(Image-text web data)
>>>>>

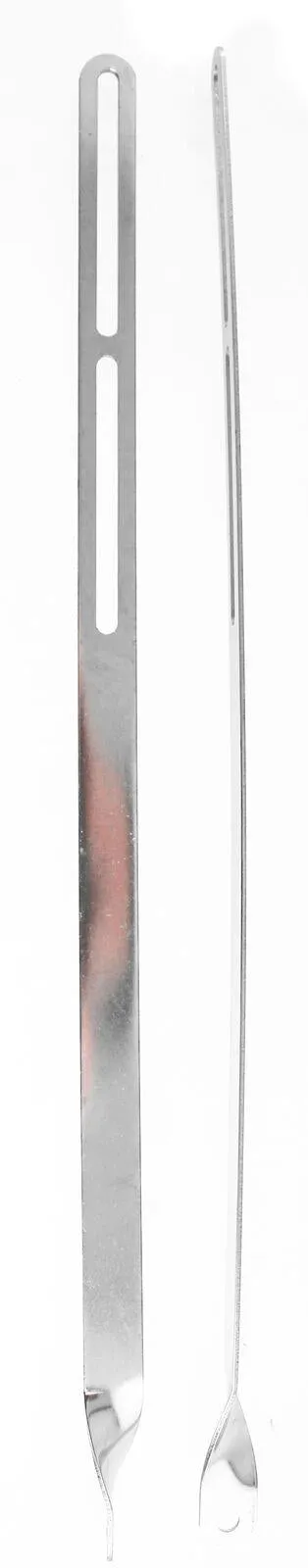 AVENIR Rear Rack Long Struts Steel for Rear Bike Bicycle Racks Silver NEW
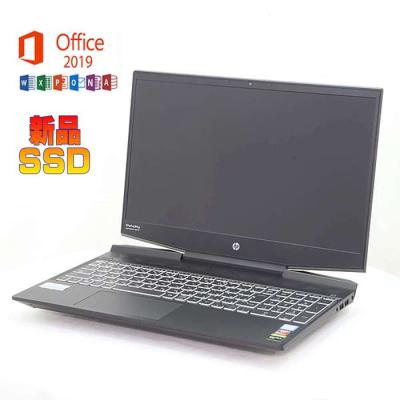 Windowsノート本体 HP Pavilion 15-ab026TU Win11/office (2) hp pavilion 15（OS種類：Windows 11 Pro）のおすすめ人気商品一覧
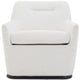 Johnny Swivel Accent Chair Occasional + Accent Chairs TOV-S54975 793580653840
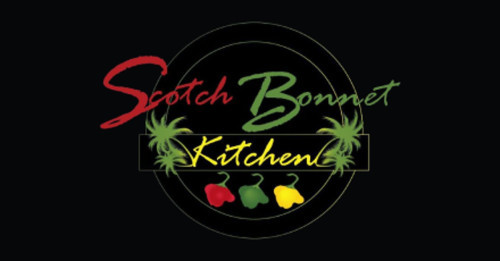 The Scotch Bonnet Kitchen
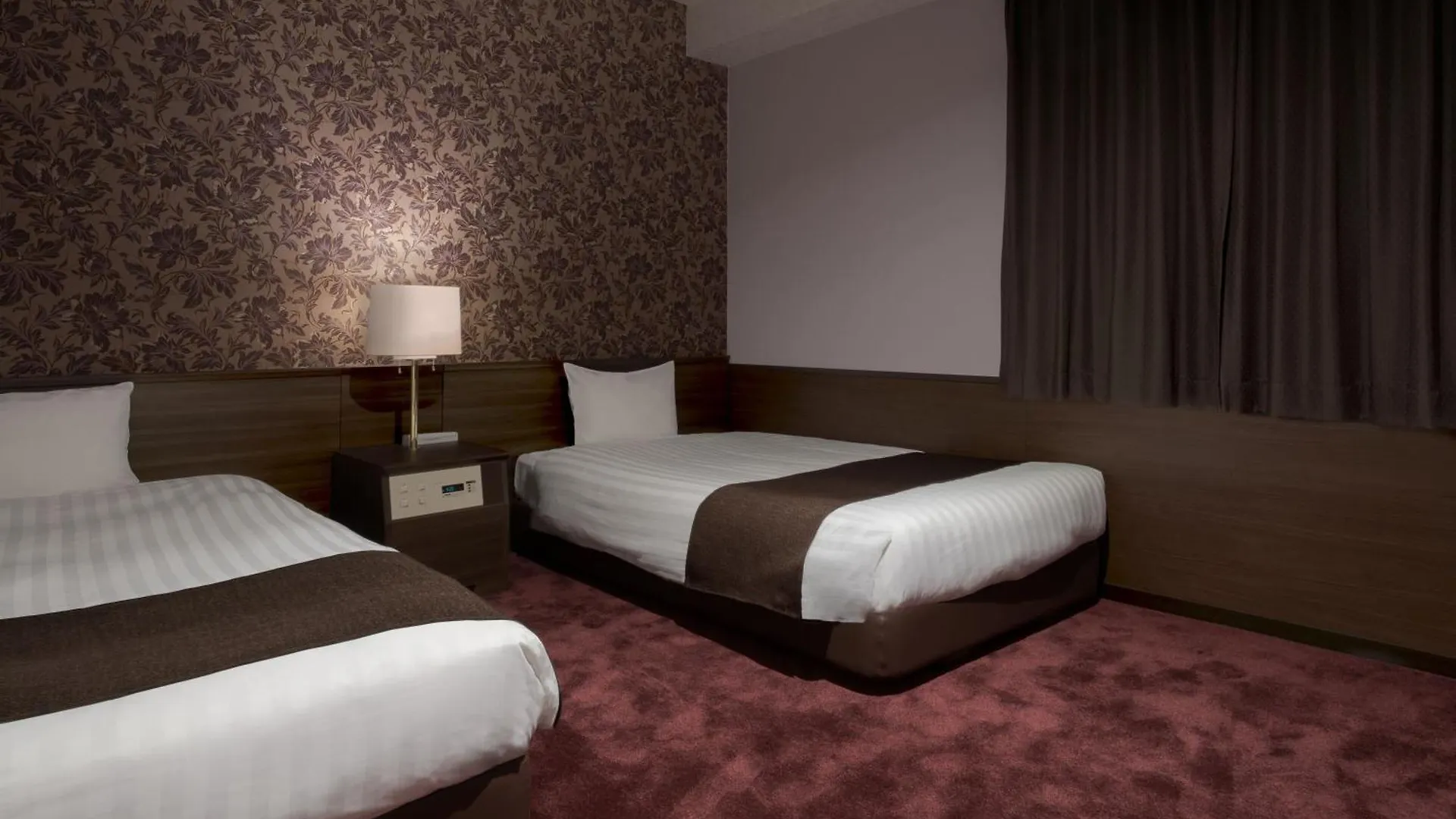 Hotel Centmain Nagoya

<<<<<

### Work required
In the data above, find the line with "Windowsノート本体 HP Pavilion" and repeat it and every line after it through the end, exactly; leave the pictures out.

### Answer box
 Windowsノート本体 HP Pavilion 15-ab026TU Win11/office (2) hp pavilion 15（OS種類：Windows 11 Pro）のおすすめ人気商品一覧
 Johnny Swivel Accent Chair Occasional + Accent Chairs TOV-S54975 793580653840
 The Scotch Bonnet Kitchen
 Hotel Centmain Nagoya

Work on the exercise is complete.